10. The possibility of apostasy is indicated by the phrase “unto the redemption of the purchased possession.” It marks chiefly the goal to which the Holy Ghost, as “earnest of our inheritance,” points. But the Christian has the consciousness, that his life-development is an ethical, not a physical, process, that he can withdraw himself, can resist the Divine will, can fall and fall away too. God will preserve us to the end and complete His work on and in us, si modo non ipsi nos ab eo avertamus (Form. Conc., xi. 32, 75). Hence the warnings in the hortatory part of this Epistle (chap. 4–6). Comp. Hebrews 6:4-6, where the fall of the regenerate is assumed, and only the return of such is called impossible.

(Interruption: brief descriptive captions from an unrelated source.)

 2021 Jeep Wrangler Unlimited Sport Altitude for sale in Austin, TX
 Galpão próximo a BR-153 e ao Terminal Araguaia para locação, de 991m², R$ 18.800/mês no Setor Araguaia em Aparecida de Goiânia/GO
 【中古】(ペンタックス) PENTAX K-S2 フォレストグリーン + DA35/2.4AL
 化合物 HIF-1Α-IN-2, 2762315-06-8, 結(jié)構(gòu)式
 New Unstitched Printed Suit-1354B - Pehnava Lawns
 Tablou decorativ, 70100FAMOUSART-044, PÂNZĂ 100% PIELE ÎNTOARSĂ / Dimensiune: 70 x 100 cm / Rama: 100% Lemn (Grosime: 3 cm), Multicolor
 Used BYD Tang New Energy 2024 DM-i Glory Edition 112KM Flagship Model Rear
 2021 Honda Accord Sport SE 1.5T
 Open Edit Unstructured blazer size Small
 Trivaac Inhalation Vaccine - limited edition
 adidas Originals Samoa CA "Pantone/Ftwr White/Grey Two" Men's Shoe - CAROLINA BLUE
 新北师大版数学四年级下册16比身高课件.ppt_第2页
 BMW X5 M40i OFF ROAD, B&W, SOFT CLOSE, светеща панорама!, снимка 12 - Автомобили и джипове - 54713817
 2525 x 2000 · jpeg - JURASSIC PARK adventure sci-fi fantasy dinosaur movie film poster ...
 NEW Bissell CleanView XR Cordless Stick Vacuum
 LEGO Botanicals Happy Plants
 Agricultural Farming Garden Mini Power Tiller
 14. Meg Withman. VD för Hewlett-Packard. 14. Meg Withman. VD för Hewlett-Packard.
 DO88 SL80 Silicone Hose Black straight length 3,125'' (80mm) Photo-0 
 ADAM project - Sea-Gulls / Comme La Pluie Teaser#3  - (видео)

Accordingly there inheres in the reference to election and the possession of salvation a strong means of incitement to sanctification, on the ground and in virtue of the existing ethical matter of fact in faith. [An “earnest” is generally a safeguard against failure to fulfil the agreement, nor does the preposition εἰς (Ephesians 1:14), rendered “until” in the E. V., indicate any possibility of failure, but rather with its strong final sense, and that too in parallelism with “unto the praise of his glory,” implies the very opposite. The doctrine of the perseverance of the saints stands or falls with that of personal predestination, and both are parts of the theological system, which makes “His glory” the chief end.—R.]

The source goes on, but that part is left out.